If you are re-flashing a dongle that is already running rfcat firmware, such as a YarstickOne, the Makefile targets will force it into bootloader mode for you, but you can manually put it into bootloader mode either by holding down the EMK/DONS button as you plug it into USB (on the CHRONOS or YARDSTICKONE jumper P2_2/DC to GROUND), or by issuing the command d.bootloader() to rfcat in interactive mode (rfcat -r), or by issuing the command rfcat --bootloader --force from the command line.

Once you have a solid LED, or if you're running an rfcat dongle, you can do the following:

cd firmware

for EMK/DONSDONGLE:

  • make installRfCatDonsDongleCCBootloader

for CHRONOS:

  • make installRfCatChronosDongleCCBootloader

for YARDSTICKONE:

  • make installRfCatYS1CCBootloader

The new version will be installed, and bootloader exited.

Installing client

Dependencies

  • python-usb
  • libusb

Install rfcat onto your system. on most linux systems, this will place rfcat and rfcat_server in /usr/local/bin/ and rflib into /usr/*/lib/python2.x/dist-packages

Installation

  • cd into the rfcat directory (created by unpacking the tarball or by git clone)
  • sudo python setup.py install
  • I highly recommend installing ipython
    • For deb/ubuntu folk: apt-get install ipython

Installation with pip

  • cd into the rfcat directory (created by unpacking the tarball or by git clone)
  • pip install -e . (installs in editable mode and runs from the unpacked or checked out location)

Using rfcat

If you have configured your system to allow non-root use:

  • type "rfcat -r" (if your system is not configured to allow non-root use, prepend "sudo" or you must run as root) you should have now entered an interactive python shell, where tab-completion and other aids should make a very powerful experience i love the raw-byte handling and introspection of it all.

  • try things like:

    • d.ping()
    • d.discover()
    • d.debug()
    • d.RFxmit('blahblahblah')
    • d.RFrecv()
    • print(d.reprRadioConfig())
    • d.setMdmDRate(19200) # this sets the modem baud rate (or DataRate)
    • d.setPktPQT(0) # this sets the preamble quality threshold to 0
    • d.setEnableMdmFEC(True) # enables the convolutional Forward Error Correction built into the radio

while the toolset was created to make communicating with <ghz much easier, you will find the cc1111 manual from ti a great value. the better you understand the radio, the better your experience will be. play with the radio settings, but i recommend playing in small amounts and watch for the effects. several things in the radio configuration settings are mandatory to get right in order to receive or transmit anything (one of those odd requirements is the TEST2/1/0 registers!)

If you watched any of my talks on rfcat, you will likely remember that you need to put the radio in IDLE state before configuring. (I said it three times, in a row, in different inflections).

However, you will find that I've done that for you in the client for most things.
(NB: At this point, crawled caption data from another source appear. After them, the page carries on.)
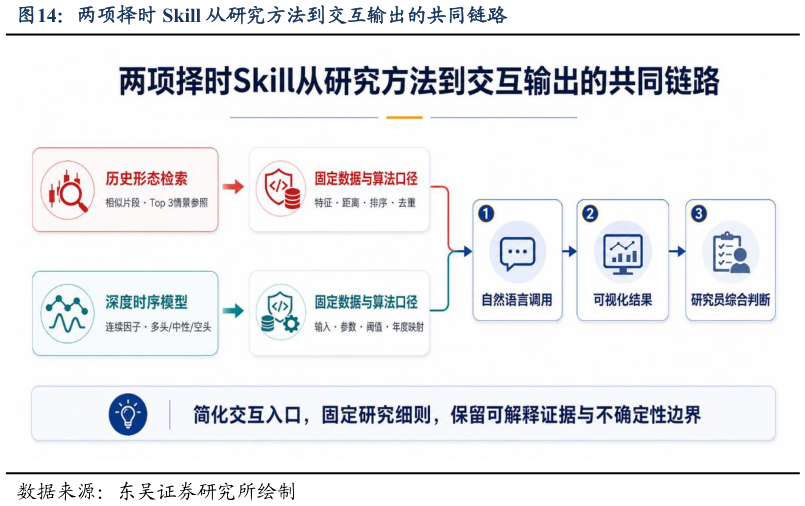 如何解释两项择时 Skill 从研究方法到交互输出的共同链路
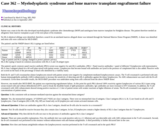 Pathology Case Study: Myelodysplastic syndrome and bone marrow transplant engraftment failure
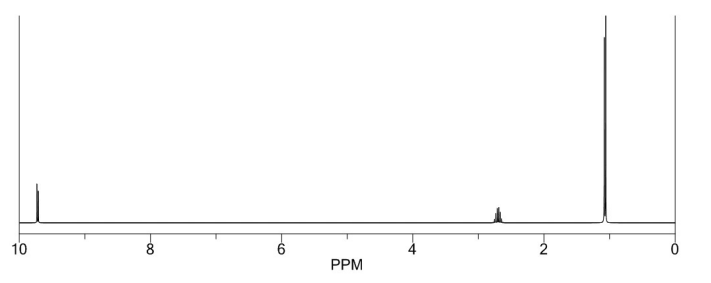 Imagem associada para resolu&ccedil;&atilde;o da quest&atilde;o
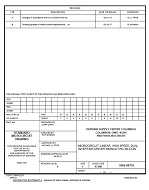 MIL DSCC 5962-88716B PDF MIL DSCC 5962-88716B PDF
The only time you need to do this yourself are: * If you are doing the changes in firmware * If you are using the "d.poke()" functionality * if you use "d.setRFRegister()", this is handled for you * use d.setRFRegister()

External Projects

ZWave Attack: https://github.com/initbrain/Z-Attack

Epilogue

Other than that, hack fun, and feel free to share any details you can about successes and questions about failures you are able!

@ and the rest of the development team.